Slashfood ran an intriguing post yesterday about the newish eating-disorder designation “orthorexia,” defined as a fixation on healthy eating that takes over one’s life. Linking to an article in UK newspaper The Guardian, blogger Nicole Weston explains that many orthorexics “are raw foodists, vegans, fruitarians or have habits so unusual, there is not yet an official name” (she cites the case of a person who will eat only yellow foods). Weston also mentions a 2004 University of Rome study that estimates up to 6 percent of people have the condition in some form.

My one problem with longish, well-written summaries like Weston’s is that they make it less likely that people will actually click through to the referenced article, since great blog summaries give readers the sense that they have a handle on the issue. That’s fine for the average wire story or straight-news article, but I feel like it’s a shame when it causes people not to read a truly fascinating piece like The Guardian’s, which is full of great details. For example, as reporter Kira Cochrane writes, “We are living in a uniquely orthorexic moment” where food-safety scares, conflicting health advice, and the prevalence of organic food trigger mass anxiety about food choices:

And, in this atmosphere, too, a marked quirkiness around food has become a source of fascination, even admiration. Where ‘that quirkiness used to reduce your status,’ says Deanne Jade, a psychologist and founder of the National Centre for Eating Disorders, ‘the attachment to strange eating systems and theories is now supported by a thriving industry and actually gives people a sense of status. So, for instance, when you go to a dinner party now, it’s quite usual for people to say, “Oh, I don’t eat protein and carbs together, or I don’t eat anything with the letter R in it, or on Tuesdays I can only eat red things.” And people are tolerant of that. The quirkiness has got a seal of approval.’

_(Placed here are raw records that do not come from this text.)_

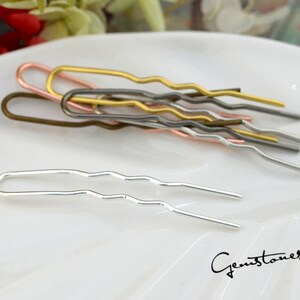 May include: A set of six wavy hair pins in silver, gold, rose gold, and bronze. The pins are arranged on a white surface.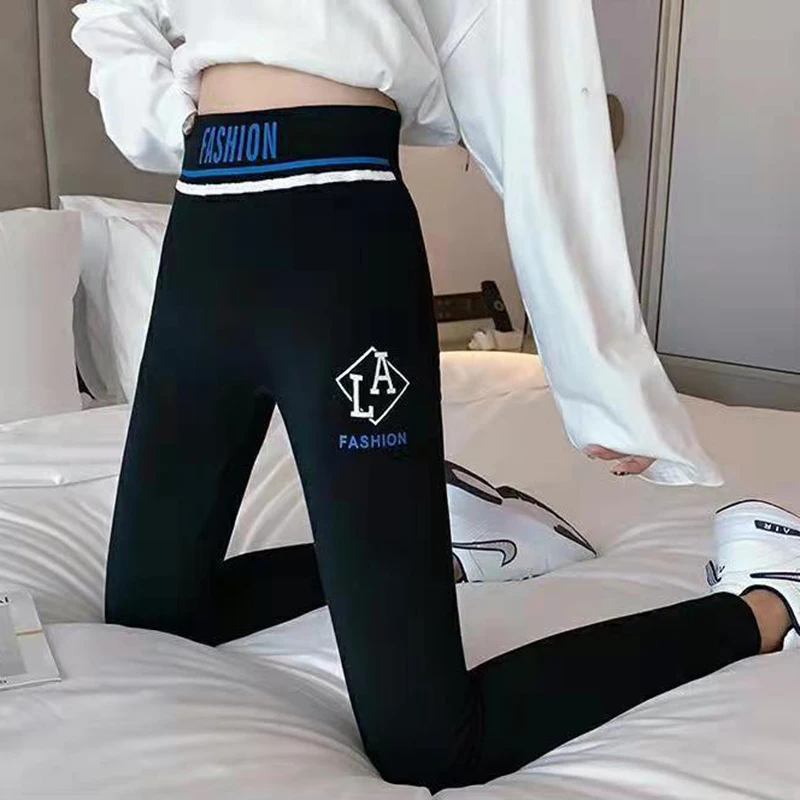 Streetwear wysokie Spandex damskie seksowne Slim, czarny z nadrukiem litery Empire Fashion sportowe spodnie do jogi dziewczęce obcisłe spodnie Fitness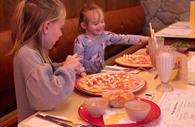 Kids love a pizza and milkshake combo.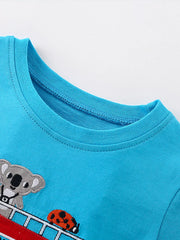 Close-up of ribbed crew neckline and embroidered koala and ladybug on sky blue tee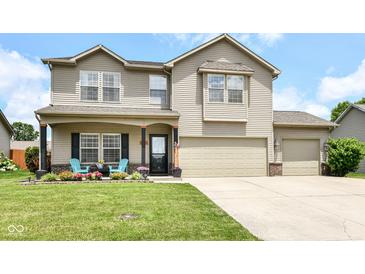 Charming two-story home with a well-manicured lawn, inviting front porch, and a convenient two-car garage at 2020 Treving Dr, Cicero, IN 46034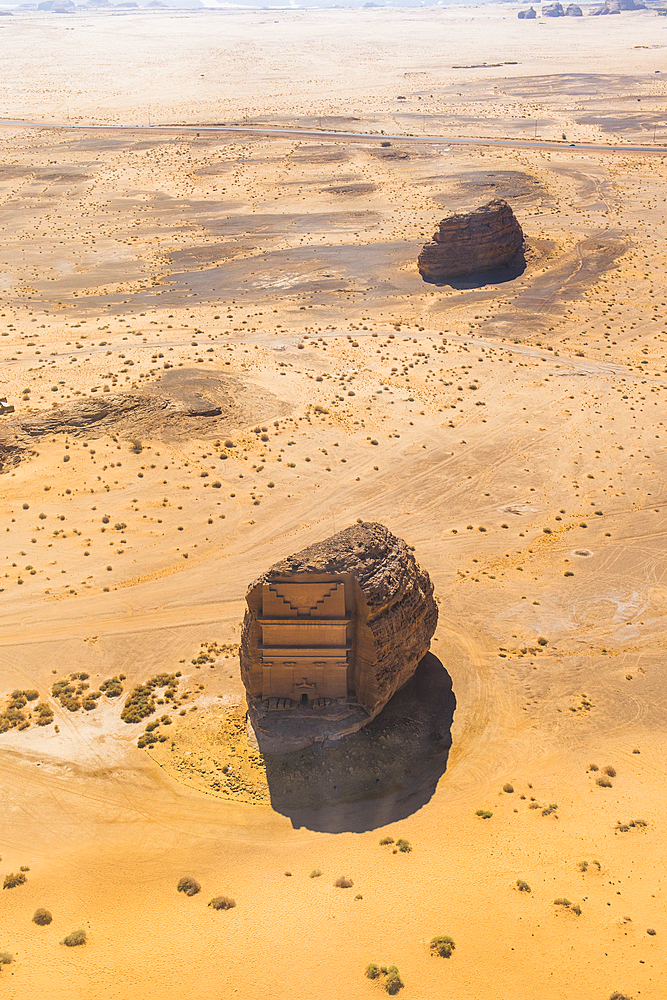 Aerial view of Qasr al-Farīd, the largest tomb within the UNESCO World Heritage Site of Hegra, also known as Mada'in Salih, in the area of AlUla, Medina Province, Saudi Arabia, Middle East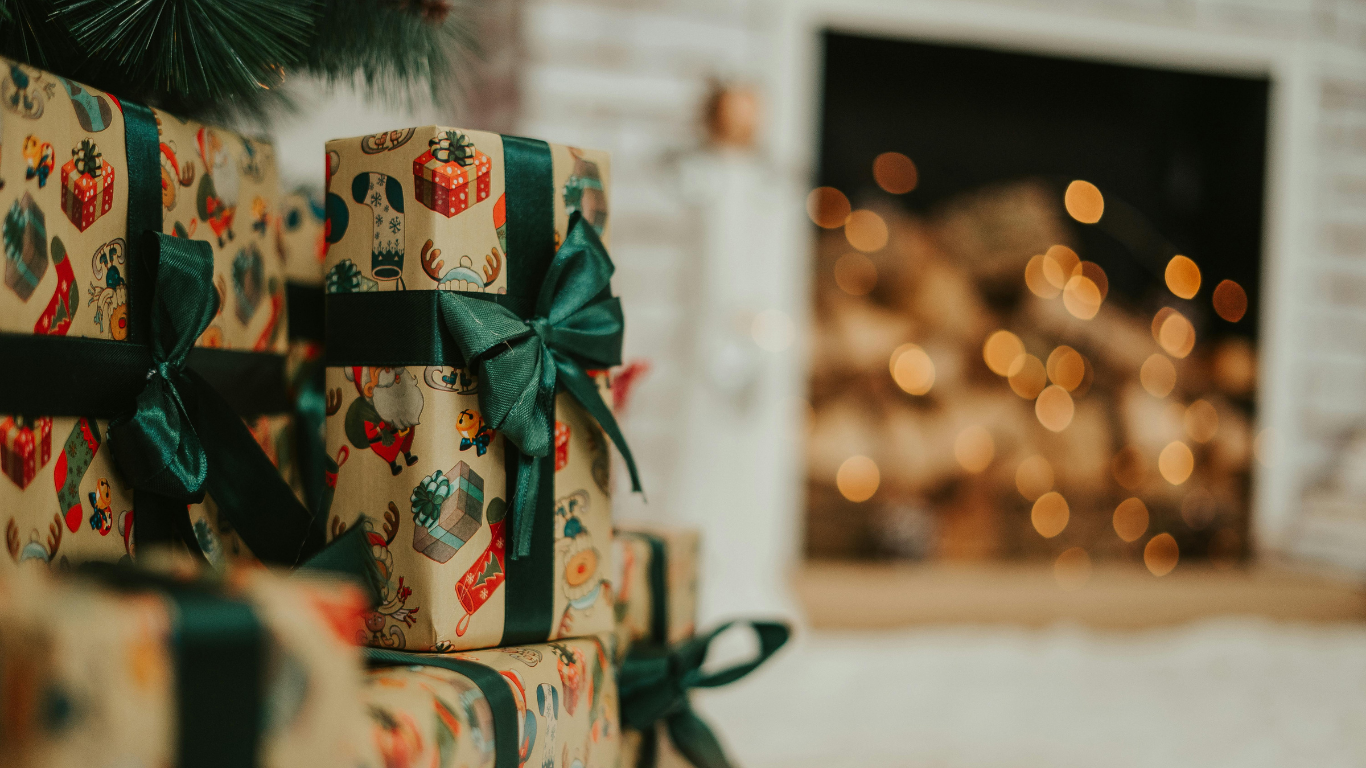 Close-up of Christmas presents wrapped in festive paper with green ribbons under a decorated Christmas tree, with a fireplace in the background.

The article explains that orthorexics often wear their food choices as a badge of honor, flaunting them in dining situations and online. Here Cochrane gets a quote from psychotherapist Mary Wood that’s one of the best I’ve read in food media recently:

‘If you just eat watermelon and bananas,’ sighs Wood, ‘everyone will find you fascinating.’

Of course, a recent story about grown men and women with childlike food phobias would seem to contradict Wood’s point: These chronically finicky folks often feel so embarrassed admitting their pickiness to others that they’ll eat only in secret or with a spouse. And if you think that kind of behavior is kooky and sad, wait’ll you get a load of pica and geophagia.